Friday, July 20, 2018

Marsha, Marsha, Marsha. Or, how many moms you got?

"Life gives you lots of mothers."

It's true. I'm blessed with an amazing "real" mom. But I've been guided and comforted by many other moms, too.

There was Debby, the woman I worked with in college, who drove me home - completely out of her way - when it was really cold. And Mylene, the coworker at my first job in a big city, who took me under her wing - and then freakin' helped me move out of a very bad situation. And Lynn, who took one look at me and knew I could use a funny and kind friend. All such important mothers.
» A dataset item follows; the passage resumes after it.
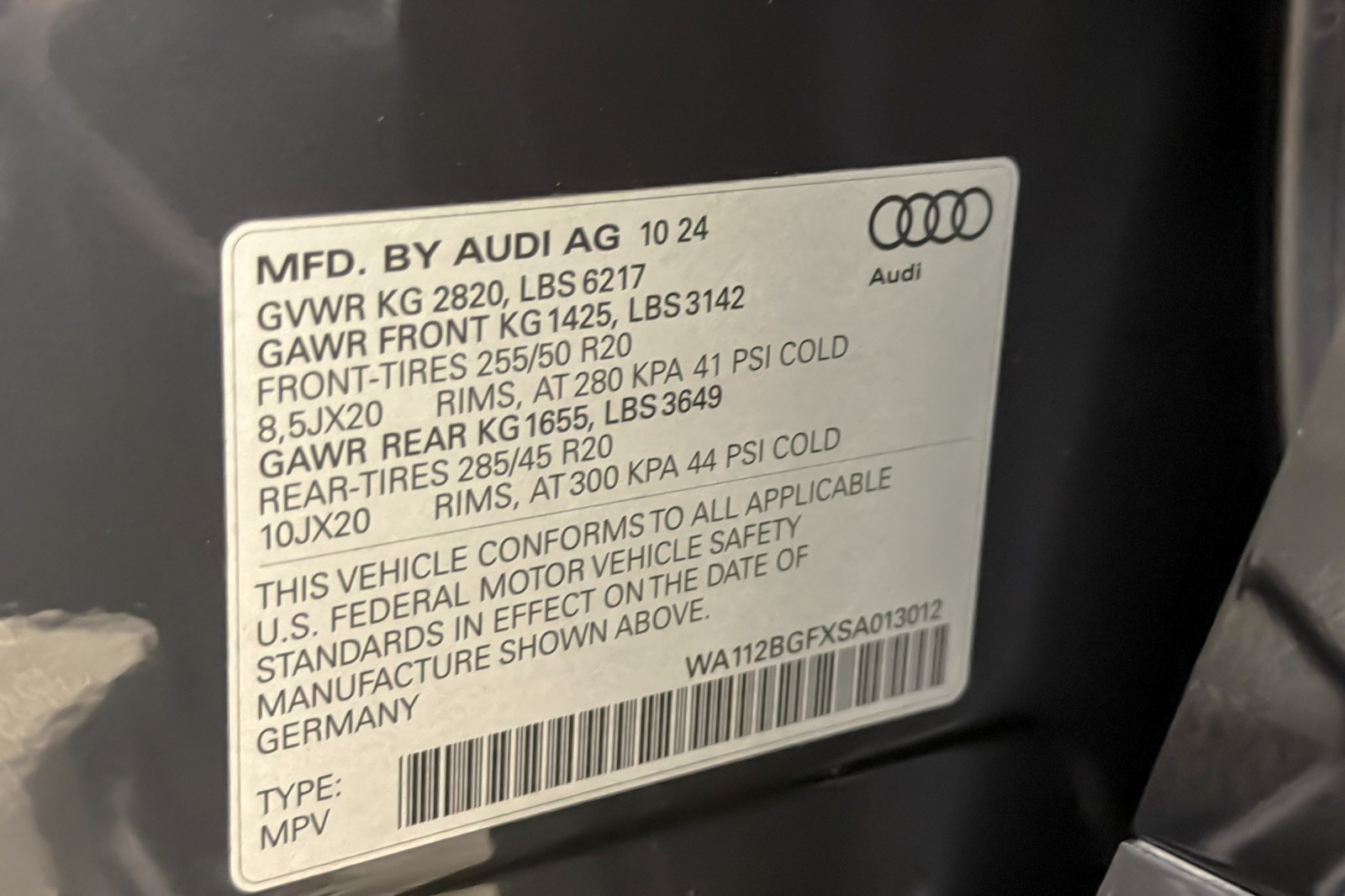 Certified Used 2025 Manhattan Gray Metallic Audi Premium RWD image 28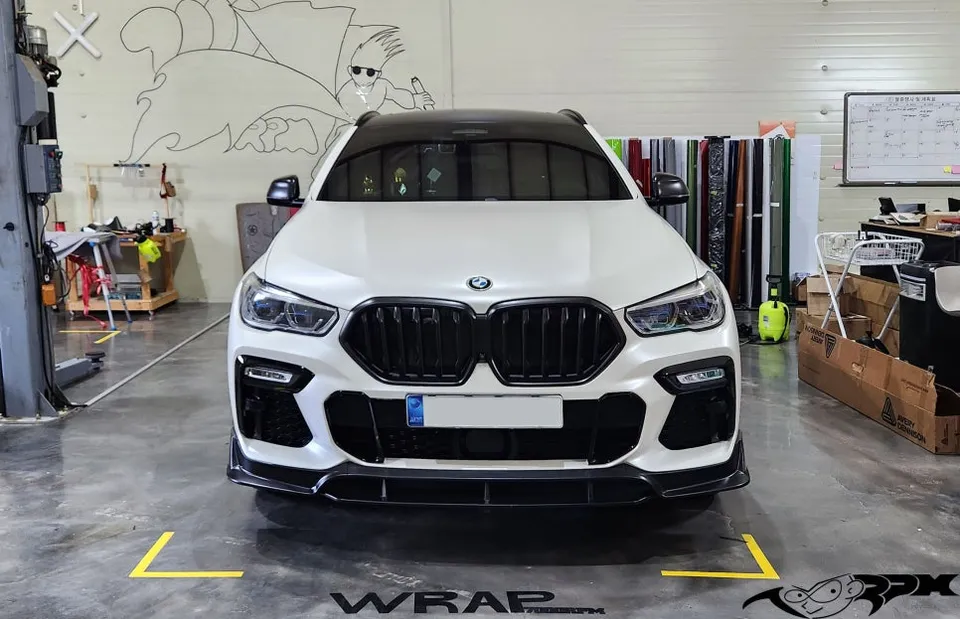 BMW X6のカーラッピング事例｜サテンブラックとライムグリーンの個性派スタイル 施工写真 3-1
Growing up, I had Marsha. She was BFF's mom, and her house was always open. She and her husband were the kind of folks who never carpeted their family room, so the kids could hang out there and not have any worries.
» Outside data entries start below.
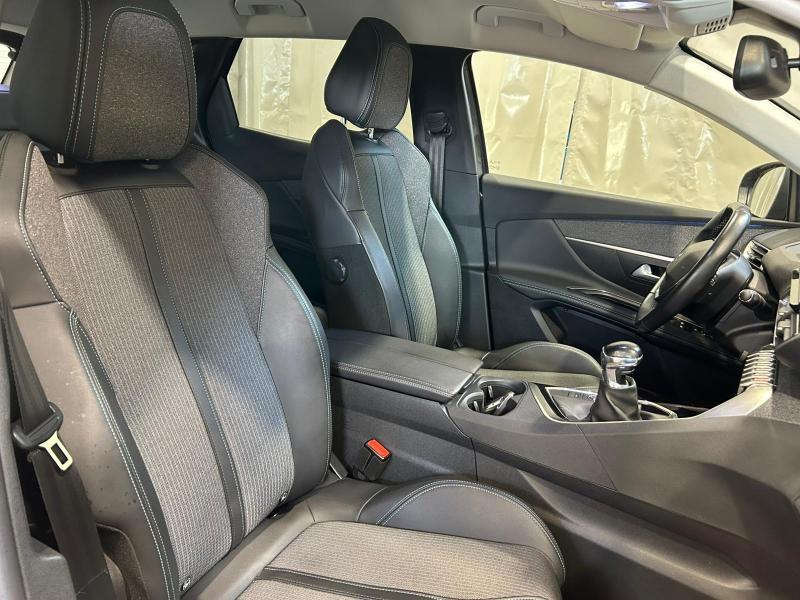 Image de la voiture Peugeot 3008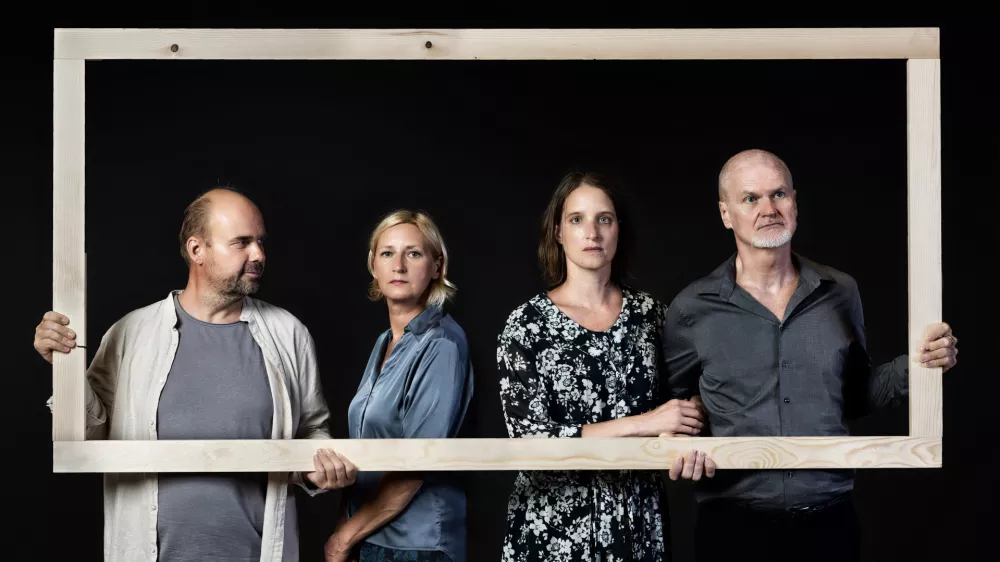 V predstavi &Scaron;ivi, ki jo kot avtor besedila, glasbe in pa režiser podpisuje Damir Avdić (desno), nastopajo tudi Gregor Zorc, Barbara Krajnc Avdić in Asja Kahrimanović. Foto: Nada Žgank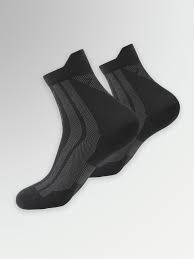 BLACK SHORT SPORTS SOCKS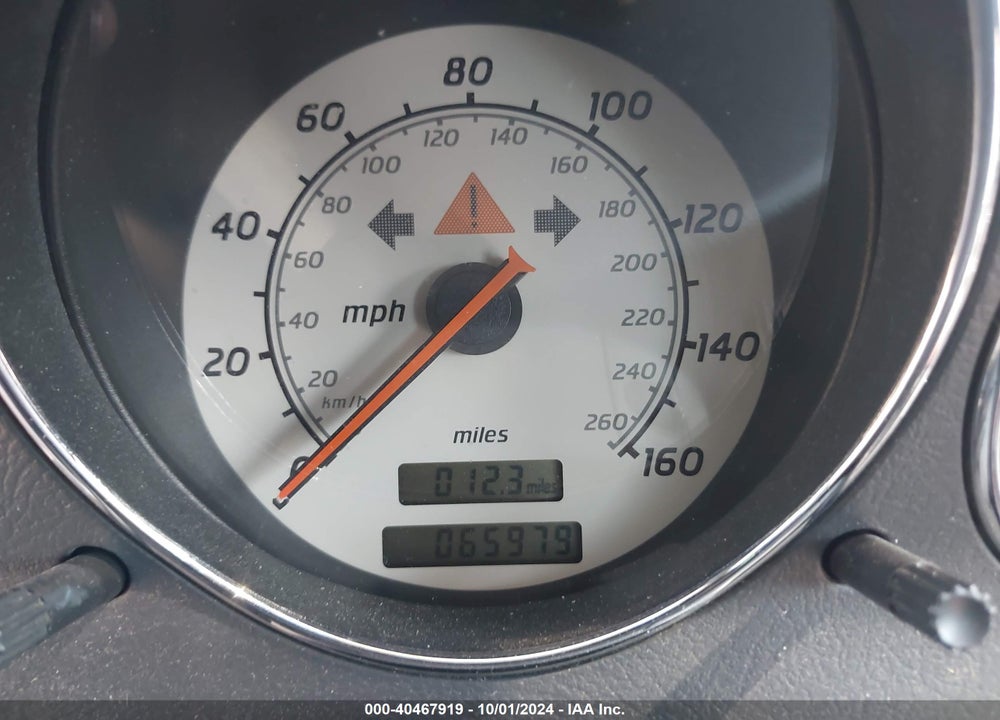 2004 MERCEDES-BENZ SLK 320 VIN: WDBKK65F94F305372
Marsha had a huge laugh and was always going off on an adventure. She biked across Iowa and then around the Netherlands three times. She broke her wrist learning how to rollerblade when she was … a lot older than I am now.

Marsha passed away a few weeks ago.

It wasn't unexpected, and it was in many ways a relief. Alzheimer's is the worst, worst, worst.

I was so focused on being present and strong for BFF. We cleaned out her mom's room at the care center. We joked about all the casseroles and all the folks stopping by the house.

Our posse did shots in the bathroom of the funeral home.

We climbed to the top of the rocket slide in the city park late at night, still dressed up from the visitation.


We looked like adults even if we were scared kids.

It was OK.

And then the morning of the funeral, as a dear friend and I were walking towards the church? I saw the hearse. And I turned away and said, "Hold on - I need to stand here and lose my shit."

They were going to take Marsha away. I'd seen her. I knew she was gone. But a hearse? A hearse made it real. So I stood on a sidewalk and made guttural noises into a dainty handkerchief.

We all need a mom, and I have been fortunate to have many good ones.

At the funeral luncheon in the church basement, I sat with BFF's brother. We hadn't seen each other in at least 15 years. He said he was surprised to learn I didn't have kids.

"Well, things didn't turn out the way I planned," I said. And then some spirit took over my body and I continued, "But this way I get to focus on being the best aunt. And we all have many mothers, and I get to be a surrogate mom to the people around me. Like your mom was for me."

Yes. Just like that.

I promise to pay it forward, Marsha. Thank you.